Family Honor sponsored a luncheon on May 4 called “Fulfilling the Promise.” Parents from parishes in the Midlands were able to hear personal testimony on how the organization positively impacted the speakers’ lives.
“I knew that Family Honor’s mission of training chastity presenters, developing family-centered materials on virtue formation, and providing program opportunities for parents and children to communicate on important life issues, especially chastity, was critical in the culture we were living in,” said Brenda Cerkez, executive director.
Today Family Honor has affiliate teams in five states, and men and women from nine states have come through the college-credit training course. They have also created new CD-ROMs that will be used by crisis pregnancy centers, religious education teachers, youth directors and others to help both adults and children better understand the precious gift of sexuality given to all by God.
Cerkez hopes to make family life better for others.
“If we had had the opportunity that Family Honor provides, my mom and I could have communicated so much better and it would have made my life a lot easier, especially growing up in a single-parent family,” she said.
Teen presenters are an important part of every Family Honor team, she said, because they help make the programs exciting and relevant. Hilary Bauer, a former teen presenter who now has a family of her own, spoke at the luncheon.
“When I was unsure of myself, thought I was all alone, and wondered why I got stuck with the glasses, freckles and braces rather than look like the models I saw in the magazines, Family Honor gave me perspective,” she said. “I was of infinite value to God.”

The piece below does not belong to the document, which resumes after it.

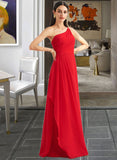 Karen A-Line One-Shoulder Floor-Length Bridesmaid Dress With Ruffle Split Front STKP0012827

Karen Rogers, an adult presenter, and her husband, Dan, shared their insights.
“Dan and I were both cradle Catholics, but unfortunately accepted the cafeteria-style approach to our faith, particularly in the area of sexuality,” Karen told the group. “When we found Family Honor and the truth was revealed to us about God’s plan for our sexuality, we went through a recommitment to our faith and to our marriage vows. We finally understood what it meant to be truly open to life.”
Rogers said that the couple could not have children of their own but discovered that being open to life took on a new meaning through adoption. Dan said he believed in the difference parents make as the most important teachers in the lives of their children.
“As off-track as the world is with its messages of ‘free love,’ the alternative we are offering through Family Honor — ‘real love’ — is so much more powerful, uplifting and promising. We want to help our children to know in the very depth of their being that they have been uniquely called to love as God loves: freely, fully, faithfully, fruitfully and forever. It is always first and foremost a message of hope,” he said.